**PROMPT**
Repeat exactly the lines that run from the start of the records below to the line with "Linarem SiatkiSieci TAŚMA", including both of those lines but not the pictures.

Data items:

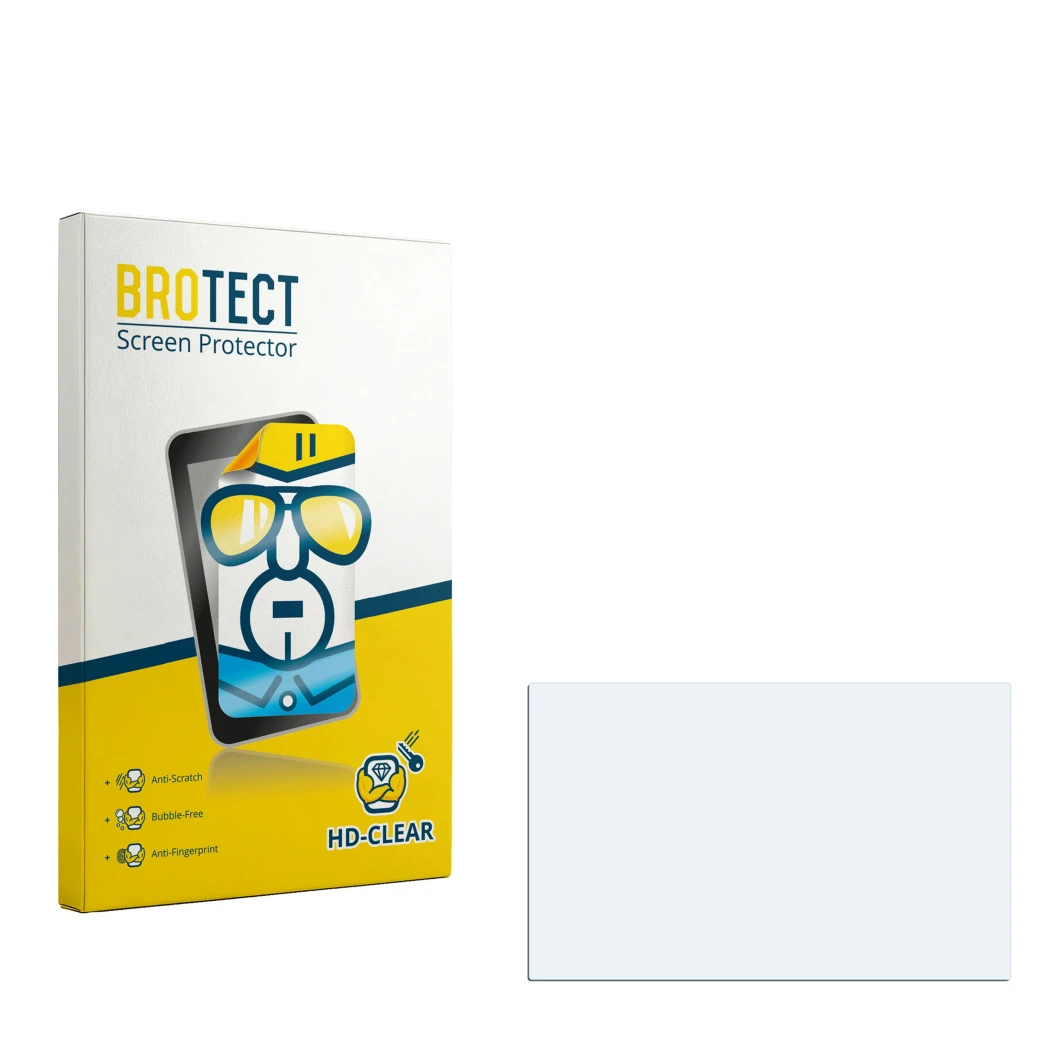 Face avant d’un emballage produit avec le logo de la marque BROTECT. À côté se trouve la protection d’écran correspondante.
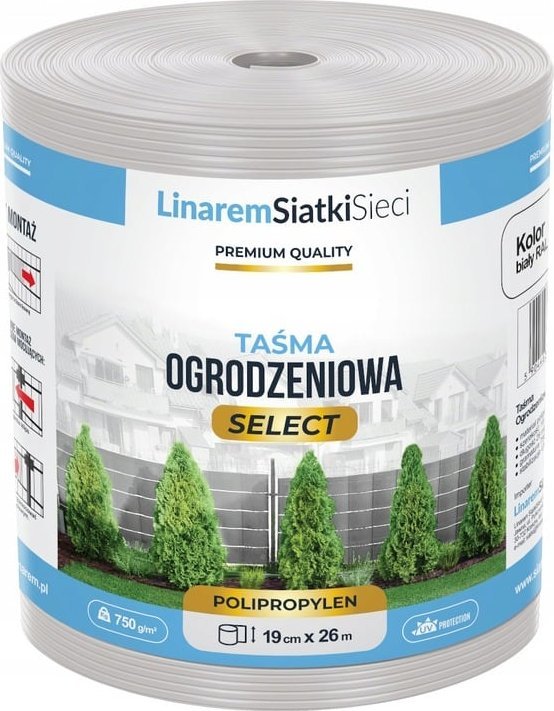 Linarem SiatkiSieci TAŚMA OGRODZENIOWA PREMIUM SELECT 19x26m DO OGRODZENIA PANELOWEGO BIAŁA
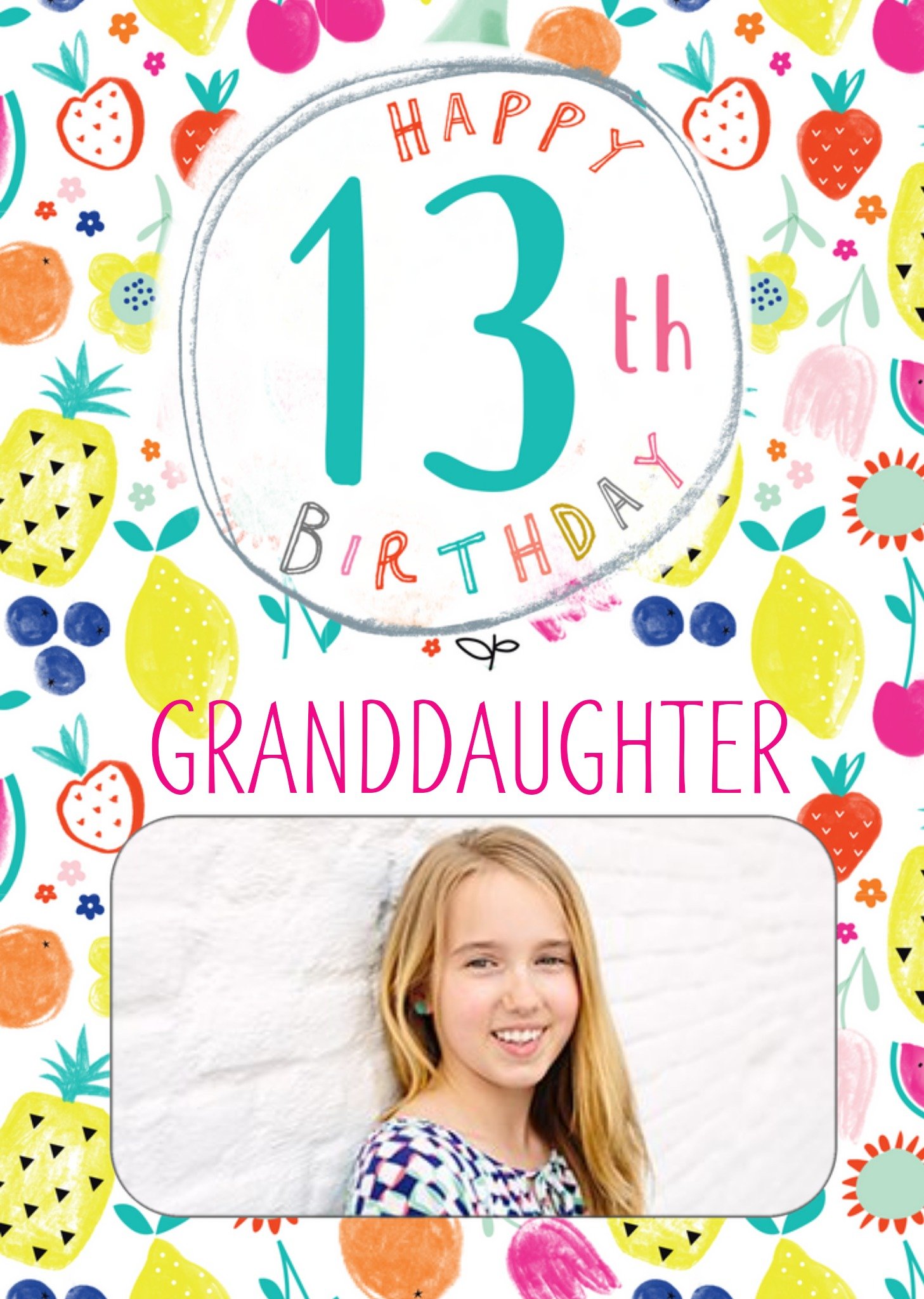 Moonpig Laura Darrington Fruit Illustration Granddaughter 13Th Birthday Card Ecard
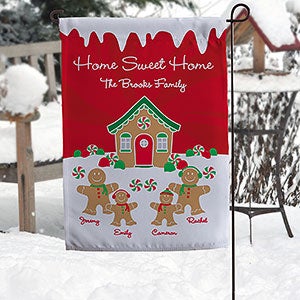 Gingerbread Family Personalized Garden Flag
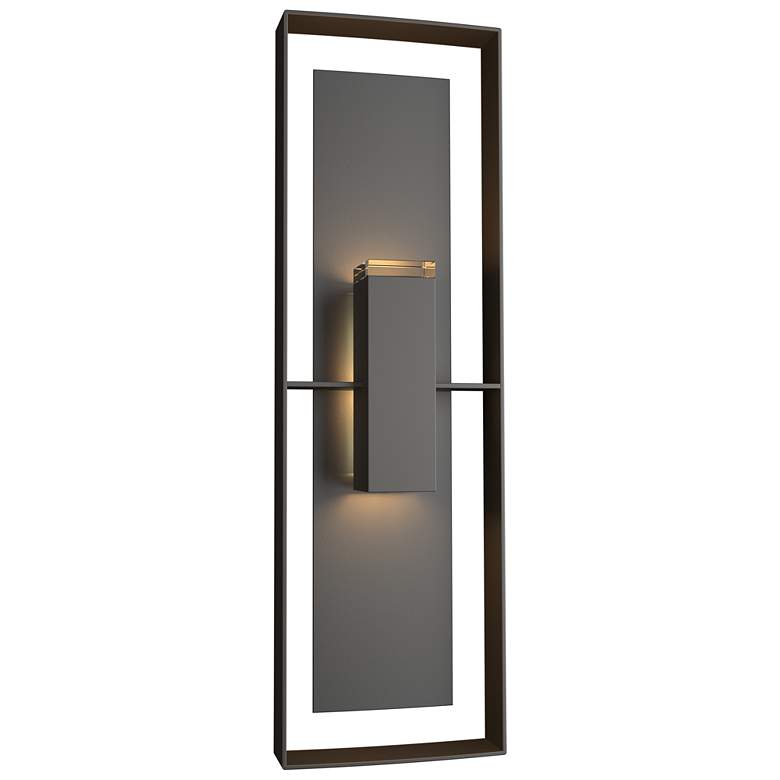 Image 1 Shadow Box 34"H Black Accented Oiled Bronze Outdoor Sconce w/ Clear Sh
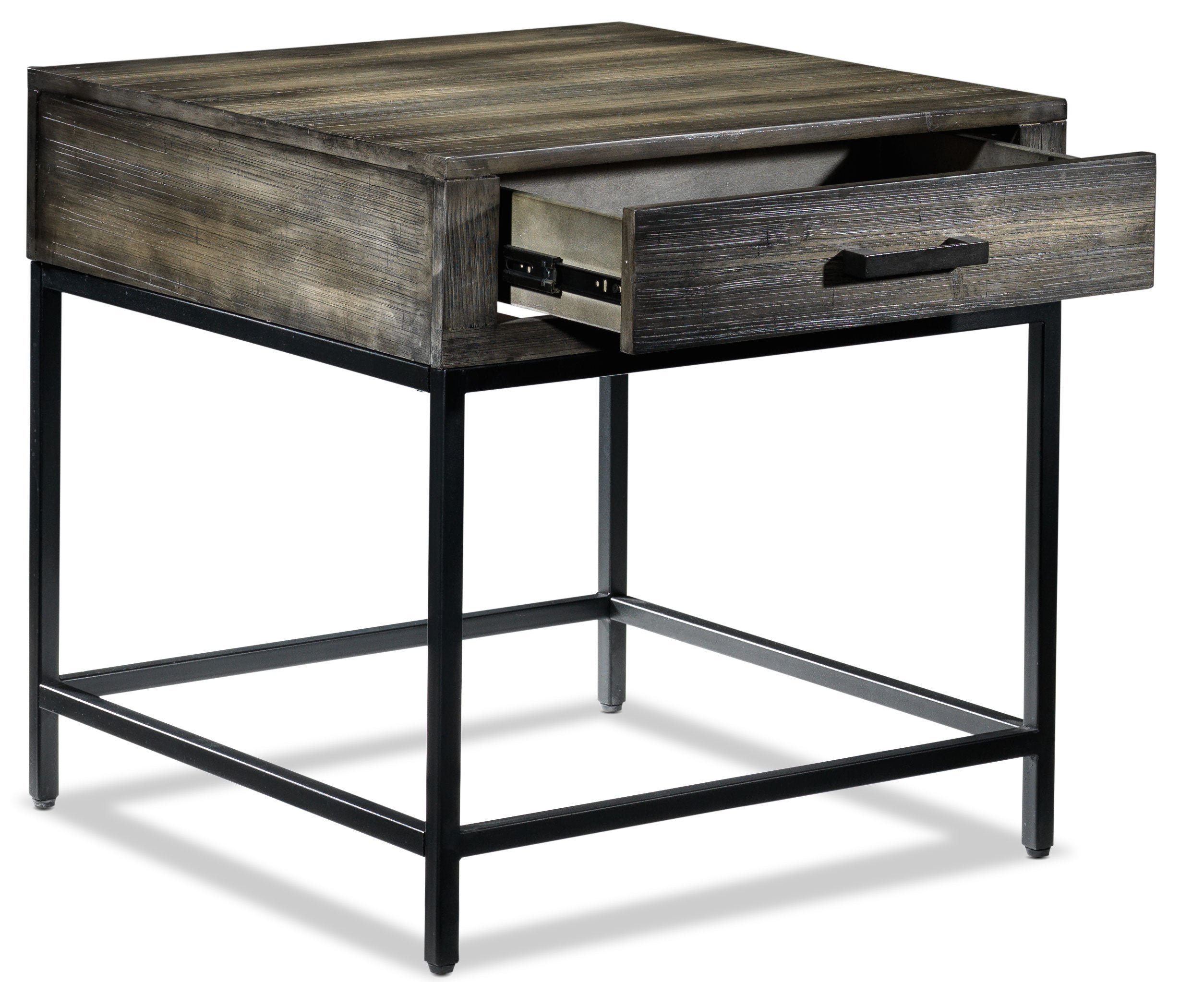 Asher 24 Inch Modern End Table with Storage Shelf - Space-Saving Grey Side Table for Living Room, Bedroom & Office - Sturdy Nightstand with Easy Assembly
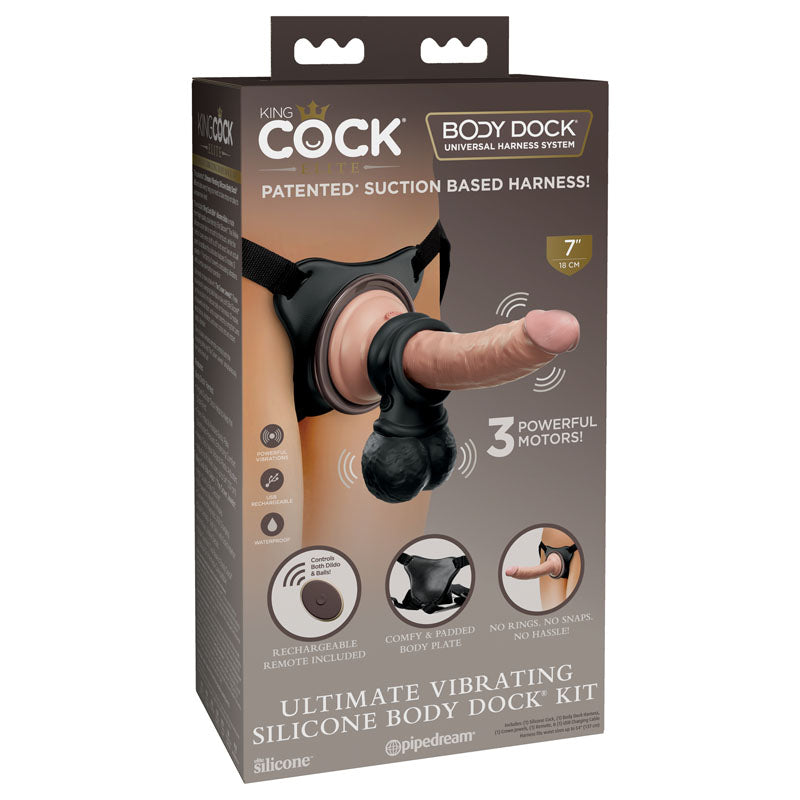 King Cock Elite Ultimate Vibrating Silicone Body Dock Kit - Body Dock Strap-On Harness with 17.8 cm Vibrating Dong & Vibrating Balls Pipedream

**ANSWER TO THIS EXERCISE**
 Face avant d’un emballage produit avec le logo de la marque BROTECT. À côté se trouve la protection d’écran correspondante.
 Linarem SiatkiSieci TAŚMA OGRODZENIOWA PREMIUM SELECT 19x26m DO OGRODZENIA PANELOWEGO BIAŁA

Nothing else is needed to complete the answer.